CMS parallel initial mark

Fri Jun 7 18:17:42 UTC 2013

On 6/7/2013 4:23 AM, Thomas Schatzl wrote:
> Hi all,
>
>    some notes about the second patch, the modified eden boundary
> sampling; in general I think the idea is good (Jon suggested that it
> should become default), but imho there are some issues with the
> implementation.
>
> On Tue, 2013-05-28 at 17:24 -0700, Hiroshi Yamauchi wrote:
>> Hi,
>>
>> I'd like to have the following contributed if it makes sense.
>>
>>
>> 2) Now, here's a related issue and a suggested fix/patch for it:
>>
>> I see that the initial mark and remark pause times sometimes spike
>> with a large young generation. For example, under a 1 GB young gen / 3
>> GB heap setting, they occasionally spike up to ~500 milliseconds from
>> the normal < 100 ms range, on my machine. As far as I can tell, this
>> happens when the eden is fairly occupied (> 700 MB full) and not
>> sufficiently divided up and the parallelism decreases (at the worst
>> case it becomes almost single-threaded.)
>>
>> Here's a suggested patch in a separate patch:
>>
>>    http://cr.openjdk.java.net/~hiroshi/webrevs/edenchunks/webrev.00/
>>
>> that attempts to improve on this issue by implementing an alternative
>> way of dividing up the eden into chunks for an increased parallelism
>> (or better load balancing between the GC threads) for the young gen
>> scan portion of the remark phase (and the now-parallelized initial
>> mark phase.) It uses a CAS-based mechanism that samples the object
>> boundaries in the eden space on the slow allocation code paths (eg. at
>> the TLAB refill and large object allocation times) at all times.
> - this patch is for DefNew/CMS only it seems. Is this correct?
>
> - in the Hotspot code base explicit != NULL checks are done for whatever
> reason. To keep the same style it would be nice to update the checks
> whether to do the sampling ("if (CMSEdenChunksRecordAlways &&
> _next_gen)") accordingly.
>
> (the next point is not an issue of the patch)
> - the check whether there is a _next_gen is odd - I do not think that
> DefNew works as a generation without an older generation, but I'm not
> sure.
You're correct that DefNew needs to have a _next_gen.

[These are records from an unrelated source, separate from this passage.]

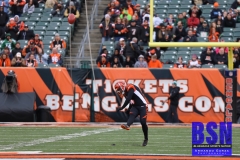 Bengals0017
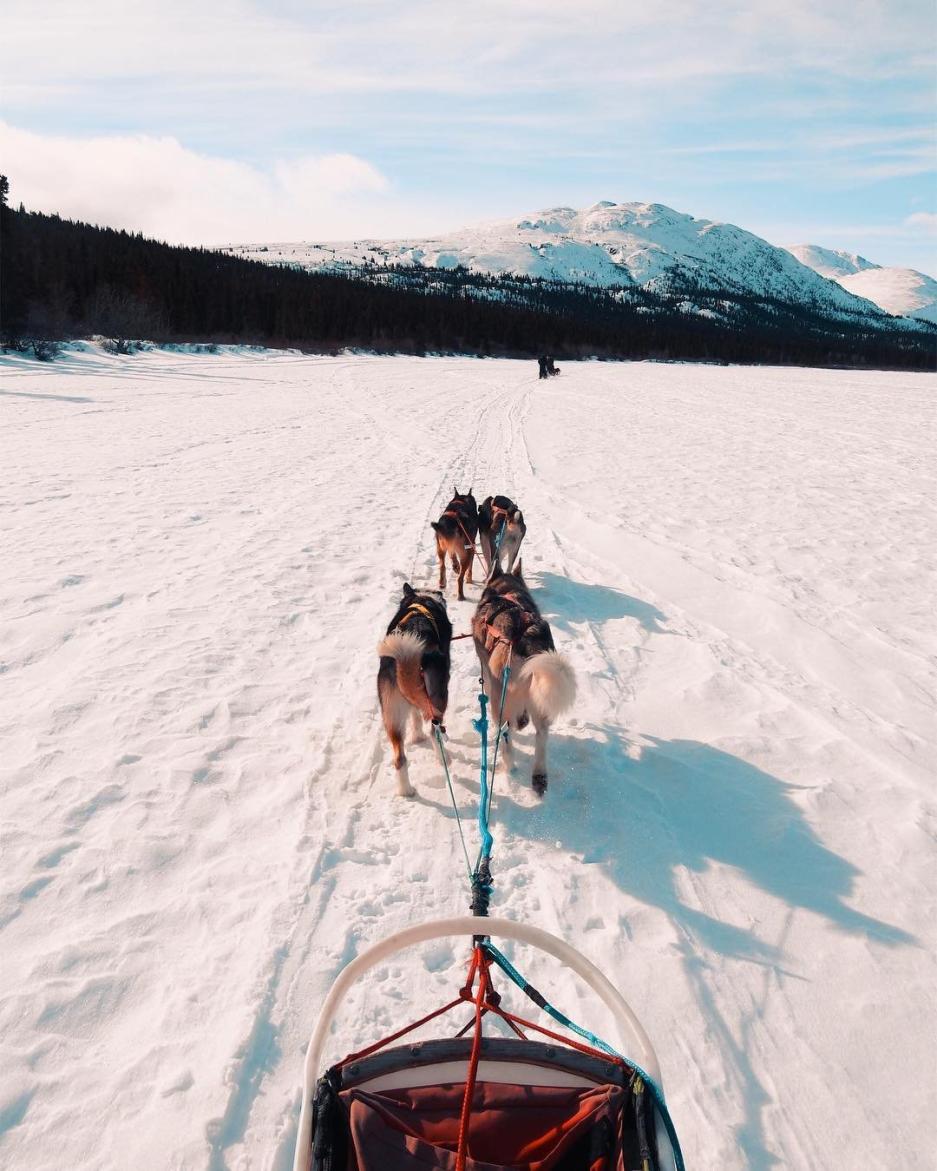 Riding with a team of sled dogs
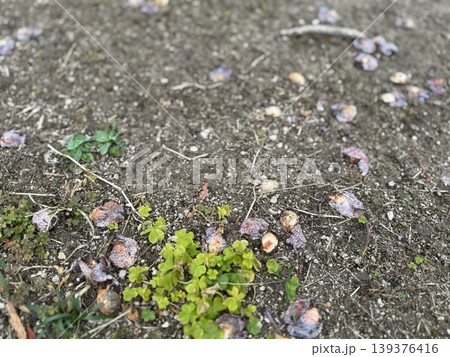 地面に落ちて、腐り始めているギンナン/The plants 地面に落ちて、腐り始めているギンナン/The plants 139376416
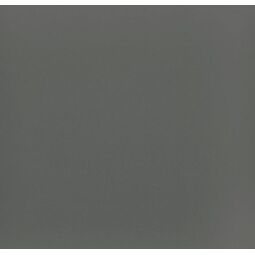 Paradyż, Bazo, PARADYŻ BAZO GRYS GRES MONOKOLOR GR.13MM 19.8X19.8 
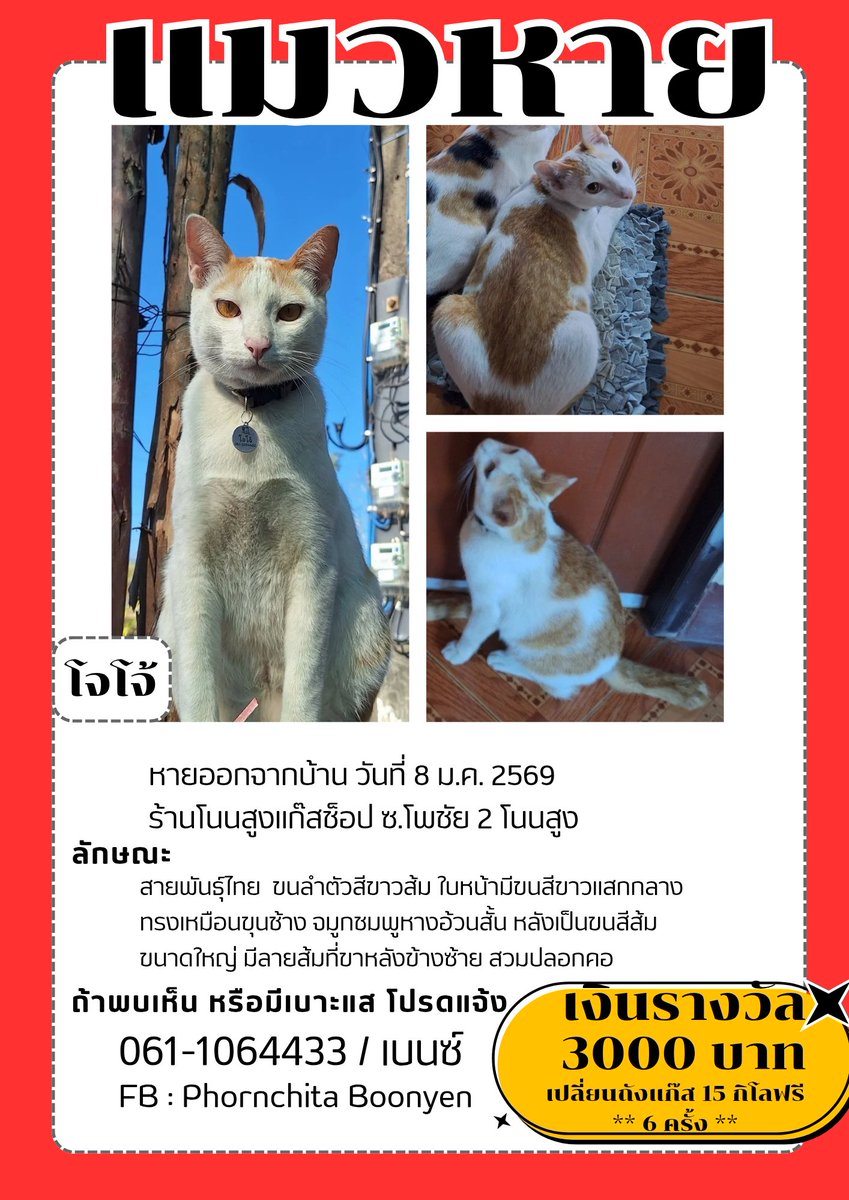 Benzgai (เบื้องหลังของหนุ่มใหญ่) tweet media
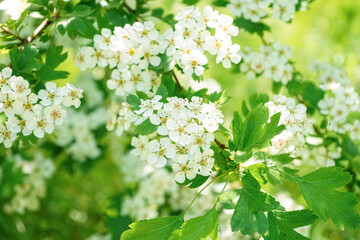 Blossoming tree branches with white flowers on sunny day, closeup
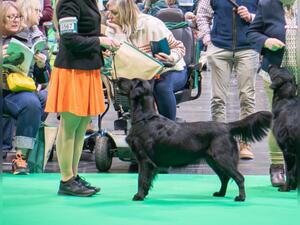 Crufts 2024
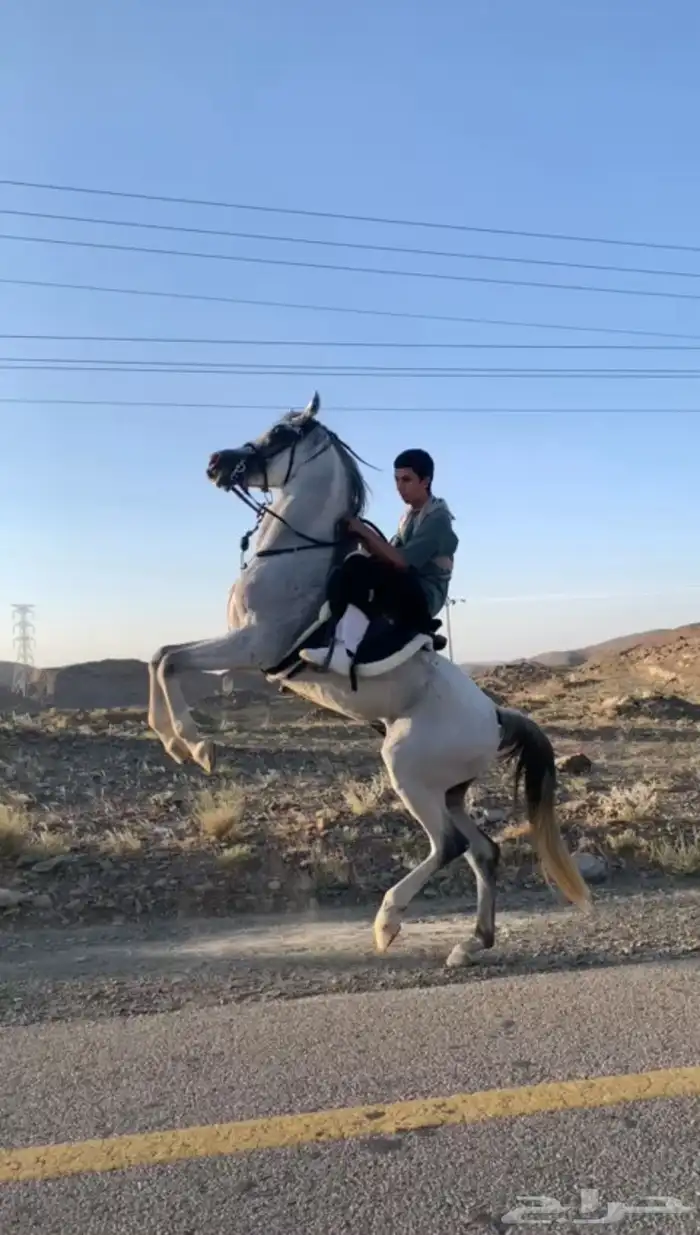 حصان شعبي كفو 2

> Looking at other similar code checking for _next_gen != NULL, the
> response is typically to update _next_gen and then asserting that
> _next_gen is != NULL. E.g.
>
>    if (_next_gen == NULL) {
>      GenCollectedHeap* gch = GenCollectedHeap::heap();
>      _next_gen = gch->next_gen(this);
>      assert(_next_gen != NULL,
>             "This must be the youngest gen, and not the only gen");
>    }
>
> Jon?

Yes, except in a very few situations, _next_gen should be set.
Exceptions I would expect is during initialization.  At the point
Thomas indicates and assertion would be sufficient.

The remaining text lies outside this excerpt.